I don't put water in my drip pans unless I am contemplating an au jus.

My disposable drip pans just go in the trash.

My foil with liquid gets placed in a flower bed to drain and dry before it hits the trash.

Other than potential problems with flies or ants, the grease is biodegradable.

Good luck and good smoking.


----------



## addertooth

Discard?  Save it to make a Roux, and amazing smoky gravy, with fine shreds of pulled pork or brisket in it.


----------



## noboundaries

I do make roux for gravy but I have so much fat in the refrigerator from earlier smokes I'm forbidden by SWMBO from adding any more.  She says it makes her gag when she sees the container but she loves the gravy.


----------



## daveomak

It's organic....  It will decompose in the garden....    turn it under... BUT...  a roux is the best way to go.....  and it tastes better than garden soil....


----------



## checkmarc

Are you just using it to maintain temperature or to catch drippings also?  Some of the best ad hock sauces I've made have been from the dripping boiled down, degreased and added to the marinate or mop sauce.


----------



## chef willie

tjs231 said:


> Definitely don't dump it down the drain. Unless you're in a restaurant with a grease trap, you'll have big issues eventually.
> 
> Just do like I do, dump it in the neighbor's yard :)
> 
> You probably could let it sit for a while to cool, the grease should solidify and come up to the top. Skim that off and throw it away. Then dump the water down the drain. The little bit of grease that remains shouldn't hurt much.

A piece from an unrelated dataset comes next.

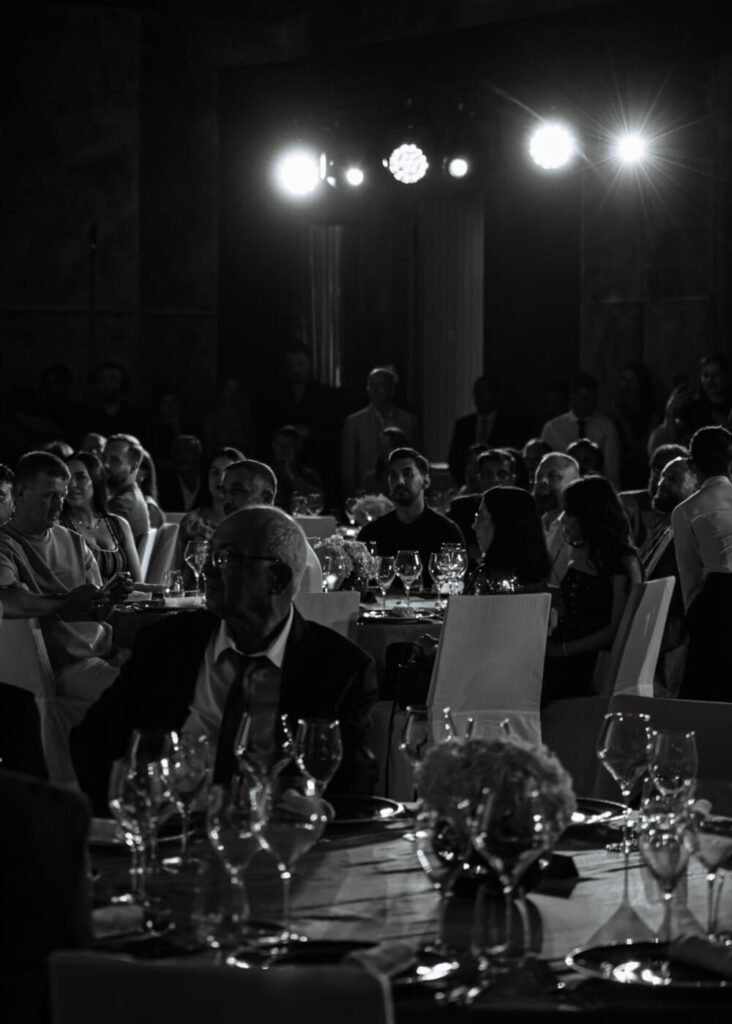 Formal dinner event with people seated at tables under bright stage lights.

Seriously....busted a good belly laugh outta this one with the neighbors yard. all advice given up top is legit.....pick the one easier for you. I got 60 acres behind me with the occasional cows grazing so if I got something real nasty it goes over that fence and the disposable pan goes in my trash can. Got a 100 pound Lab in the house so he gets nothing greasy due to the obvious & no bones for the same reason.....Willie


----------



## ron eb

Use a pan to catch those yummy drippings.


----------



## mr t 59874

Who mentioned bear bait?  Wasn't me!!!!!!!

T


----------



## jirodriguez

If you are using a charcoal smoker (I have a 22.5" WSM) you can do what I do. I let the charcoal go completely cold (usually the next day), then dump the ash into a trash bag lined 5 gallon bucket, then dump the waste water/grease on top of it, the ash absorbs the water. You can do that till the bucket is full, then close up the bag and dump it in with your trash.


----------



## lorne17

JIRodriguez said:


> If you are using a charcoal smoker (I have a 22.5" WSM) you can do what I do. I let the charcoal go completely cold (usually the next day), then dump the ash into a trash bag lined 5 gallon bucket, then dump the waste water/grease on top of it, the ash absorbs the water. You can do that till the bucket is full, then close up the bag and dump it in with your trash.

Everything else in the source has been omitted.